Thanks to beer blogger Maeib for telling me what I am. I've been doing this blogging lark for over two years now, but it's just this month that I find I am a "scooper": one who samples beer widely and takes note of all. In Hilden on Saturday I felt my scoopness acutely. As far as I could see, I was the only one of my kind present. You could say it was me and my notebook that made it a proper beer festival. But you wouldn't.
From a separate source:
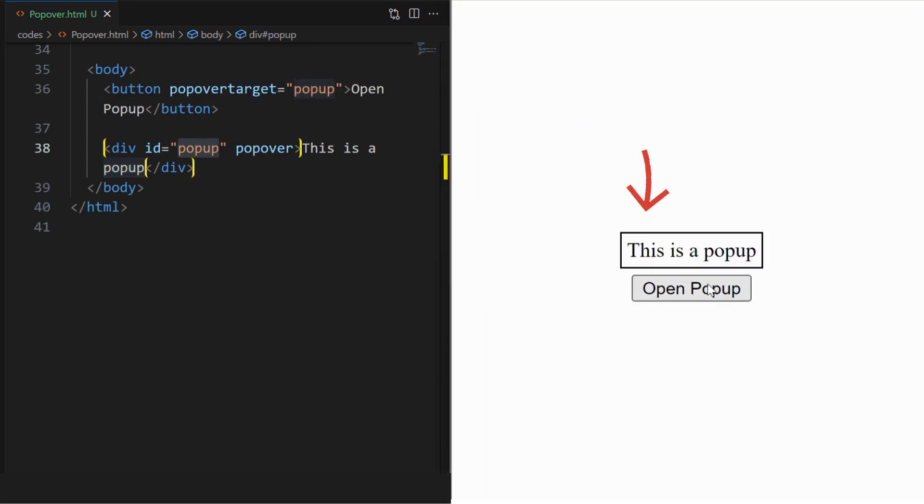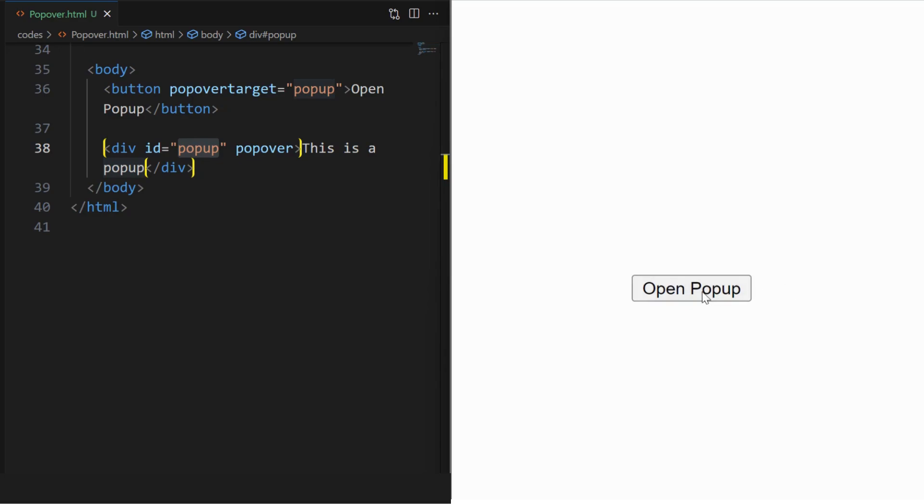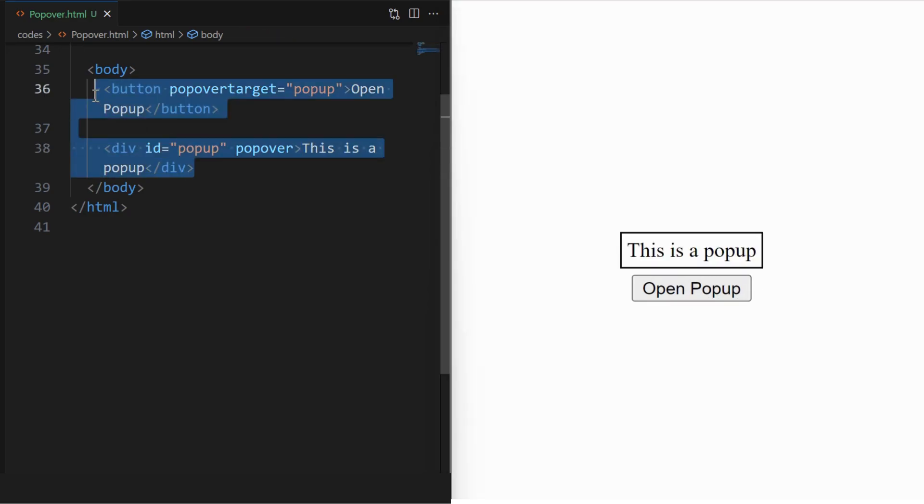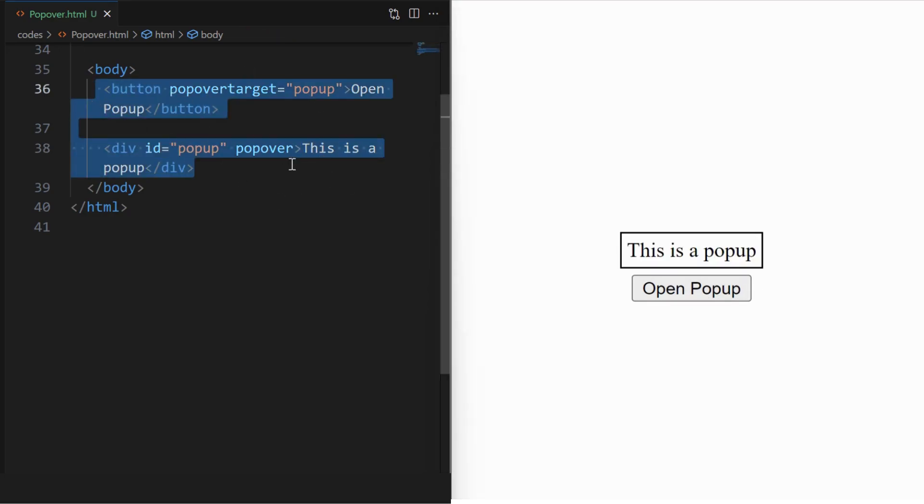We can see the pop-up being displayed when the button is clicked and it gets hidden when clicked anywhere else on the screen. These are the two lines needed to build the pop-up.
Having finished with the Hilden brews, I turned first to Moorhouse's brewery in Lancashire. The pump clip of its Black Cat dazzles with bling from the Brewing Industry International Awards and CAMRA's Champion Beer of Britain. I was disappointed, however, and found the black ale rather bland. Their Premier Bitter isn't much better, being quite thin and the least bitter bitter I've ever encountered. I was similarly unimpressed with two beers from Sheffield's Abbeydale brewery: Moonshine, a dull and slightly musty pale ale, and Matins, a vaguely hopped even-paler blonde cousin. At the far end of the festival bar, ignored by everyone, was Damson Porter by Burton Bridge. The base here is a very light porter, touched on by some sour damson fruitiness. Flavourwise it could have done with a bit more of everything.
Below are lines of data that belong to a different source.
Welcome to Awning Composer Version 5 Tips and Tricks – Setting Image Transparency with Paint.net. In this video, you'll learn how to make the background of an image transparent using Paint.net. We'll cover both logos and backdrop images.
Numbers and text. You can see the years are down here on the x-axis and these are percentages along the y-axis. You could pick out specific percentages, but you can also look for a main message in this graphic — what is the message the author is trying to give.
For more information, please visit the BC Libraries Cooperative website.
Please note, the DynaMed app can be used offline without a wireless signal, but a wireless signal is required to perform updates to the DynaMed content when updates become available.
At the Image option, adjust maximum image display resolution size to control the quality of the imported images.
A total contrast was Flat Cap, from Bolton's Bank Top brewery. This is a light ale sporting a superb zesty hoppiness. E&S Elland in West Yorkshire are similarly unafraid of the hop plant, providing Bargee, a light, smooth but marvellously tasty bitter, and Beyond the Pale, a deceptively pale ale with a powerful dry hops flavour. Titanic Brewery in Stoke-on-Trent make Anchor, a weighty yet quaffable orange ale, with an excellent hop-malt balance. Triple Screw was their other brew, a foamy red-orange ale: smooth, caramelly and satisfyingly heavy.
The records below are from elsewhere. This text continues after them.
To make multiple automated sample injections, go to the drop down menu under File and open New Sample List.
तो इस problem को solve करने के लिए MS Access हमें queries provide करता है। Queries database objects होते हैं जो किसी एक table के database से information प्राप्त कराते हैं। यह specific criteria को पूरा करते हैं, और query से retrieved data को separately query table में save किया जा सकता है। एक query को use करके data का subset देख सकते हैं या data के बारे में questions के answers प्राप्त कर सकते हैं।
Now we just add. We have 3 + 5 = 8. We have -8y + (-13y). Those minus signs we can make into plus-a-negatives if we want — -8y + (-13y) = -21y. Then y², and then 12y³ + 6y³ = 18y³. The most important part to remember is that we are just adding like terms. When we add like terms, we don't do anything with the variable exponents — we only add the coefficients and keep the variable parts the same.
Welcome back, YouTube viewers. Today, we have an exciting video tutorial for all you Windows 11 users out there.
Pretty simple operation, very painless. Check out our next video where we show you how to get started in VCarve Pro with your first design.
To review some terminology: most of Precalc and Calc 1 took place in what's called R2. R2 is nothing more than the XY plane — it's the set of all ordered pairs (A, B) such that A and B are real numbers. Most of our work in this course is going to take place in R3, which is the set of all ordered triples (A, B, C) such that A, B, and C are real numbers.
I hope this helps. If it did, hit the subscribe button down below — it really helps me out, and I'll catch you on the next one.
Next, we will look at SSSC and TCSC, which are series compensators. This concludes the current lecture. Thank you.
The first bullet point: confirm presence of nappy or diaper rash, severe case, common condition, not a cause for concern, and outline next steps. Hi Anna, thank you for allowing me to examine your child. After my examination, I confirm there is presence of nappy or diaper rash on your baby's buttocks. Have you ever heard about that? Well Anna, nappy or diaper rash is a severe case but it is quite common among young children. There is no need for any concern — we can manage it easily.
My finds of the festival, however, came from Manchester's 3 Rivers brewery. Their Manchester IPA is mega-hoppy, full-tasting, aromatic and warming: ticking all the IPA boxes. They also supplied Old Disreputable, a beautiful sweet black ale, reminding me of the Speight's Old Dark I found in New Zealand and which I miss every now and then.
At this point the railway timetable forbade any further tasting, and I failed to achieve the full scoop. I can't overstate how much I enjoyed this sort of drinking and am already making plans for the CAMRA Belfast festival in November. I might even get a new notebook, special like.